NEW YORK (TheStreet) -- With an unpredictable economy, more educators are looking at their summer break and saying, "Can I make a little money during this time?" says Joe Weinlick, vice president of marketing at career network Beyond.com.
"The question is: summer off or summer job? Teachers nationwide are asking whether they'll benefit most from the long break or the extra cash," he says. "They're seeing those months as an earning opportunity in what has been a very uncertain economic climate these last few years."
While many teachers are arguably still working during the summer -- attending seminars, workshops and planning for the semester ahead -- many others have begun using the summer as a chance to earn a little extra toward retirement or a vacation for next year, Weinlick says. Educators looking for work will be encouraged to find there are even more opportunities available this summer than in recent years.

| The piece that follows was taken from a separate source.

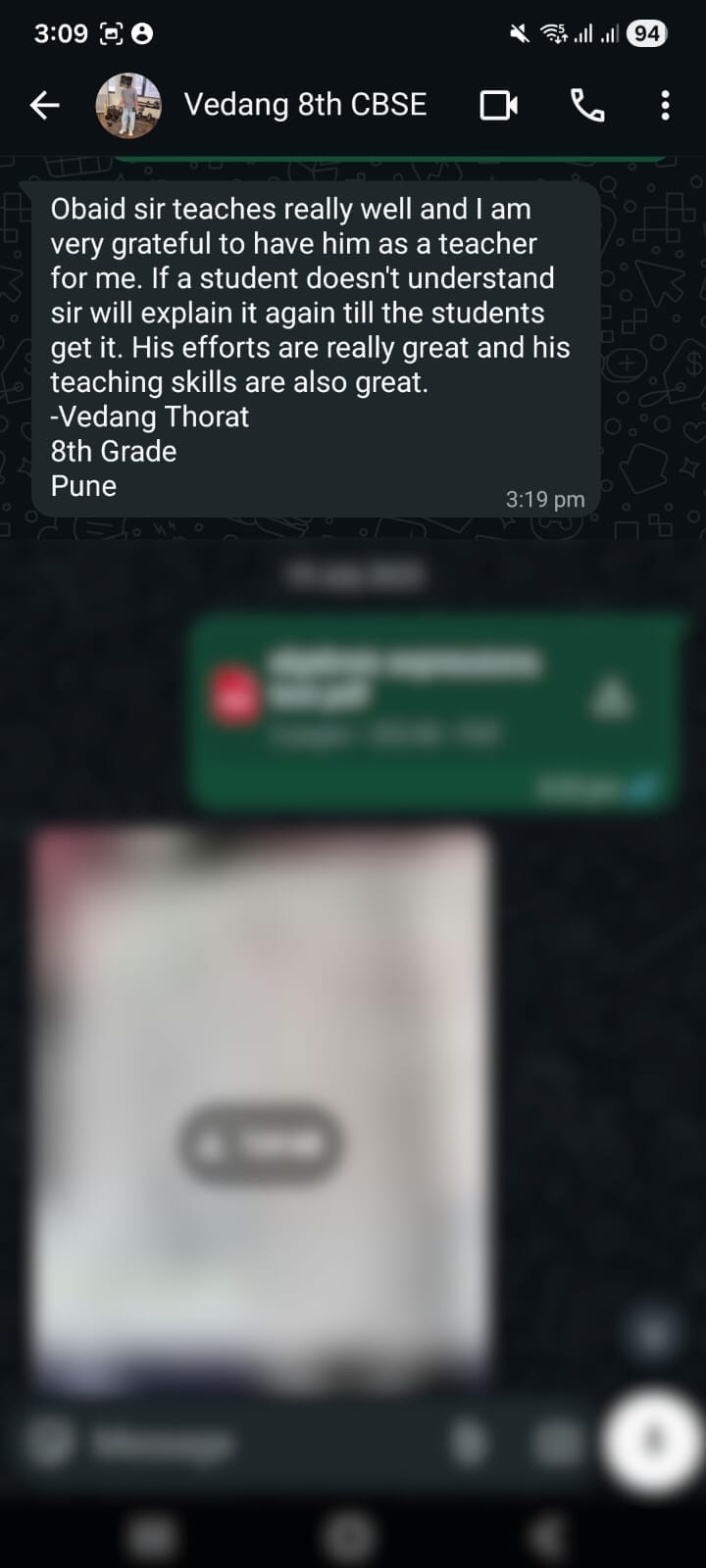 Student WhatsApp Testimonial 3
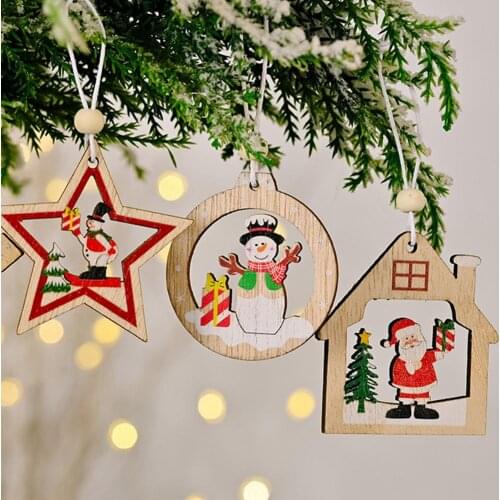 Wooden Merry Christmas Ornaments Navid For Chirstmas Tree Hanging Pendants Xmas Decoration For Home New Year Santa Claus Decor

According to the bureau of labor statistics, 288,000 jobs were added to the economy in April, with 60,000 of those in the retail and bar and restaurant industries -- industries that often hire summer staffers. Also, Weinlick says that because recent graduates are having more success finding jobs in their field of study, there won't be as much competition from grads looking for short-term gigs.

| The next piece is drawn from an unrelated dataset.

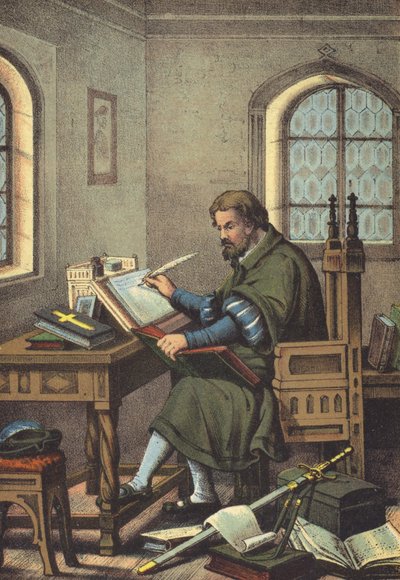 Luther förklädd till Junker Jorg i Wartburgs översättning av Nya Testamentet (chromolitho) av German School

In addition, employers are growing increasingly appreciative of what educators bring to the table.
"Employers look at teachers and say, 'Where else can I find someone who has experience, organization and patience dealing with one of the most difficult audiences around?'" Weinlick says. "It's not a matter of whether or not teachers can find a summer job -- they can get one -- it's a matter of whether or not they have a financial need," he says.
Teachers considering a second position this summer should ask themselves two things: Do I need the money, and does my schedule allow it?
Because teaching is a demanding career, Weinlick cautions any teacher considering summer employment to look at their complete financial picture.
"Mentally, teaching is a tough job for many months out of the year. Even if you need money, you're going to need a bit of a refresh," he says. "I would look to take at least a week off no matter what."
Teachers who want a summer job should start their search now, says Kim Costa, career coach at Snagajob, an hourly employment marketplace. According to Snagajob's 2014 Summer Hiring Survey, 74% of employers who plan to hire summer workers expect to have filled their positions by the end of May.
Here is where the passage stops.